You are not logged in.
Hi everyone,
I had a dying drive so I decided to change it and at the same time to move from ext4 to btrfs. It is a single drive setup so I though raid1, even if possible (http://askubuntu.com/questions/406096/h … id-1-array) do not bring much benefits for the cost (lose half the space). Such a raid will only protect from bitrot when the filesystem is umounted which has a very low probability, I am correct?
I ended up with a single btrfs partition with different subvolumes. I plan to snapshot weekly the "Now Working On" subvolumes because it is the one where most of the changes happened.
Here is my setup:
sylvain@sylvain-pc ~ % sudo btrfs filesystem show /mnt/Research
Label: 'Research' uuid: 4af42047-285e-4f13-a778-30a7517ff33c
Total devices 1 FS bytes used 89.99GiB
devid 1 size 1.82TiB used 92.04GiB path /dev/sdc1
Btrfs v3.14.2-dirty
sylvain@sylvain-pc ~ % sudo btrfs subvolume list /mnt/Research
ID 257 gen 84 top level 5 path Symposium and Presentations
ID 258 gen 128 top level 5 path Software
ID 259 gen 20 top level 5 path Classes
ID 260 gen 79 top level 5 path Oceano
ID 261 gen 112 top level 5 path Now Working On
But to take full advantage of btrfs I though it will be nice to run scrubs once a week and get warned when corruption is detected so I can repair the file from a backup.

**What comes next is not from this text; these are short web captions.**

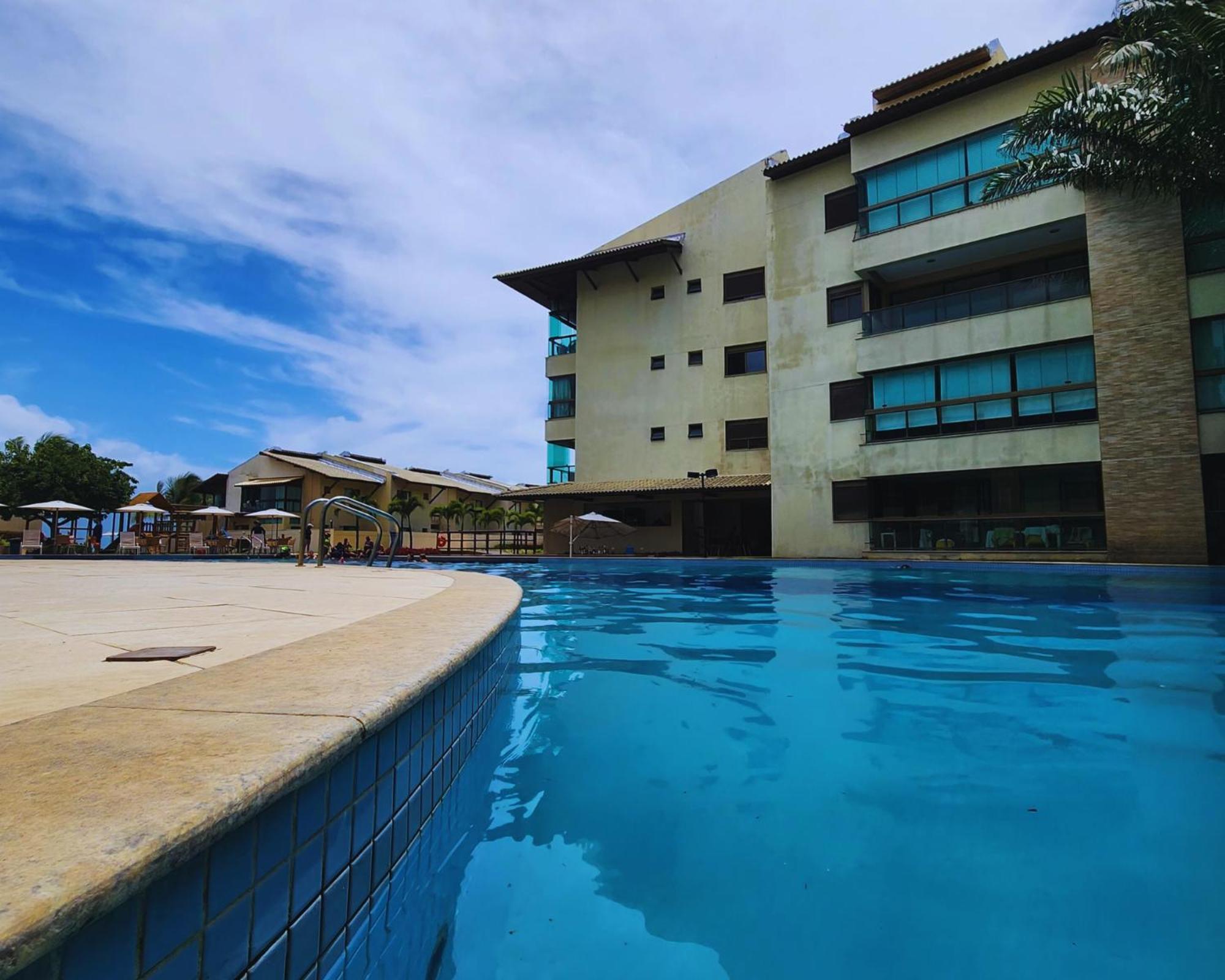 Ekoara Residence Pôrto das Galinhas Eksteriør bilde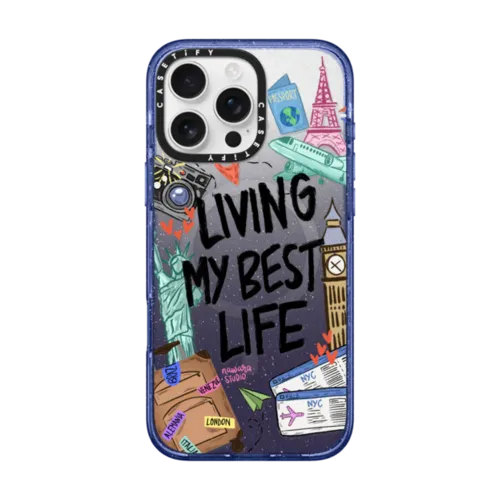 iPhone 16 Pro Max - Travel Lover by Nawara Studio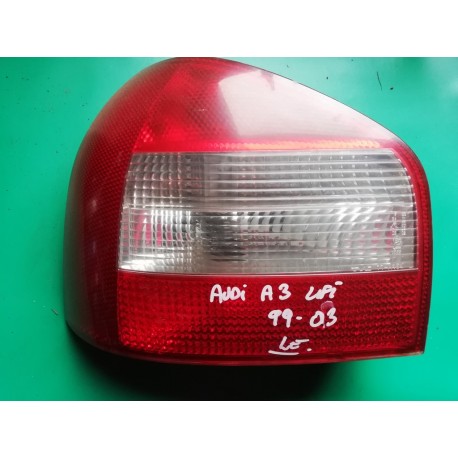 Audi A3 8L lift 99-lampa tylna lewa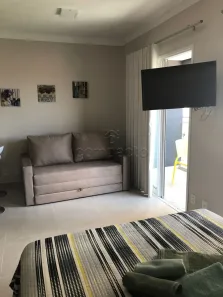 Apartamento com 1 Quarto para alugar, 33m² no Jardim Tarraf II, São José do Rio Preto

Two challenges were raised.
1 How to be warned if corruption happened? I don't want to check every week the system logs so I need a log with only the errors. I found this script that could be a good base for a start: http://marc.merlins.org/linux/scripts/btrfs-scrub but it is for debian and it assumes scrubs are logged in syslogs. In a systemd archlinux system where does it log?

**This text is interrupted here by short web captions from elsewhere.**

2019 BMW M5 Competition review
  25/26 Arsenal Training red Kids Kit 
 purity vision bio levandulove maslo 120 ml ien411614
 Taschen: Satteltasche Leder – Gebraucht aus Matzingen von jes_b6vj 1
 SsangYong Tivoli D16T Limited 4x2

2. I need to link corrupted inode to real filename so I can copy the file from my backups (which are taken daily and copied to a NAS). For this I found : http://www.commandlinefu.com/commands/v … sum-errors but I don't know if it works.. Can someone confirm it?

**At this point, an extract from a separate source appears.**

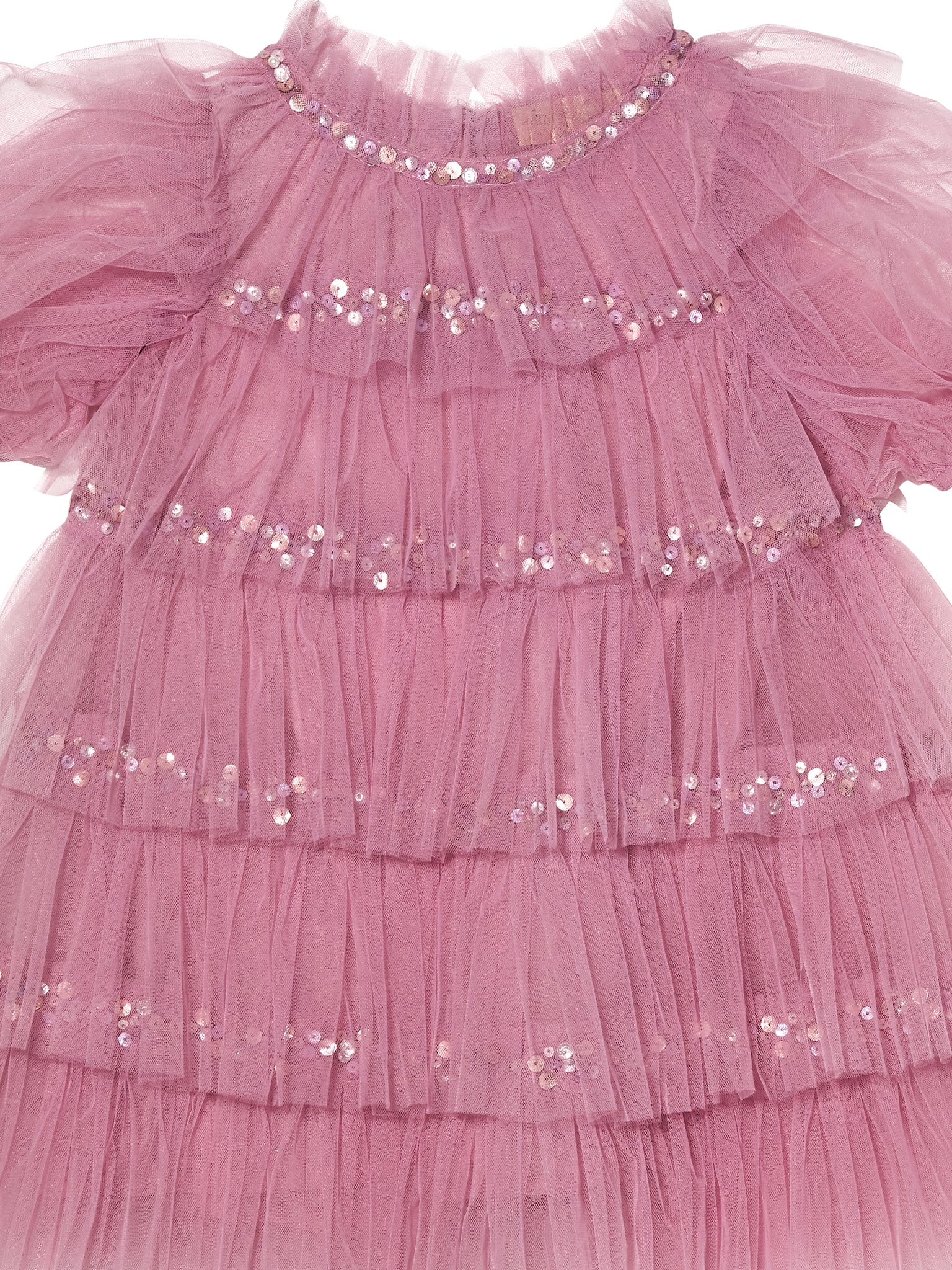 Bébé Love Parade Tulle Dress - Image 4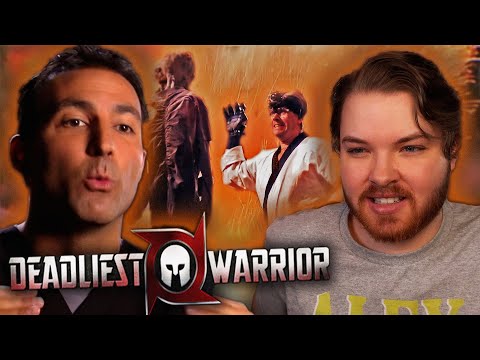 Видео: Финал «Самого смертоносного воина» ужасен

I ended up drafting a script that may do the work but I need some help in finalizing it. Could a script/btrfs guru can have a look? or could somebody point me to something that would do what I want?
#! /bin/bash
#!!!This script is not yet finished/working do not use it!!!
# By Marc MERLIN <marc_soft@merlins.org> 2014/03/20
# License: Apache-2.0
#Modified by Sylvain 2014/08/08
test -x /usr/bin/btrfs || exit 0
# bash shortcut for `basename $0`
PROG=${0##*/}
lock=/var/run/$PROG
# shlock (from inn) does the right thing and grabs a lock for a dead process
# (it checks the PID in the lock file and if it's not there, it
# updates the PID with the value given to -p)
if ! shlock -p $$ -f $lock; then
echo "$lock held, quitting" >&2
exit
fi
if which on_ac_power >/dev/null 2>&1; then
ON_BATTERY=0
on_ac_power >/dev/null 2>&1 || ON_BATTERY=$?
if [ "$ON_BATTERY" -eq 1 ]; then
exit 0
fi
fi
for btrfs in $(grep btrfs /proc/mounts | awk '{ print $1 }' | sort -u)
do
#create a tmp log file with all the btrfs related info logged in syslog. Need to adjust because I cannot see anything in syslog
$NOW= $(date +"%F")
tmp_filename= $btrfs_$NOW_full
touch /tmp/$tmp_filename
#Start logging and the scrubs
echo "Starting scrub of $btrfs" > $tmp_filename
tail -n 0 -f /var/log/syslog | grep "BTRFS: " | grep -Ev '(disk space caching is enabled|unlinked .* orphans|turning on discard|device label .* devid .* transid|enabling SSD mode|BTRFS: has skinny extents|BTRFS: device label)' > /tmp/$tmp_filename&
/usr/bin/btrfs scrub start -Bd $btrfs
pkill -f 'tail -n 0 -f /var/log/syslog'
echo "Ended scrub of $btrfs" > $tmp_filename
#Create a file containing errors
err_filename= $btrfs_$NOW_errors
touch $HOME/$err_filename
cat $tmp_filename | grep -Po 'csum failed ino\S* \d+' | awk '{print $4}' | sort -u | xargs -n 1 find / -inum 2> $HOME/$err_filename
done
rm $lock
What do you think? any suggestions?
Offline
Your script looks fine, but I would reduce it for readability, to simply:
while read d m t x
do
[[ $t != "btrfs" ]] && continue
btrfs scrub start -Bd $m
dmesg | grep -o 'csum failed ino [0-9]*' | awk '{print $4}' | sort -u | xargs -n 1 find / -inum
done </proc/mounts
Also, if possible I would e-mail the results or find an alternative to notify yourself.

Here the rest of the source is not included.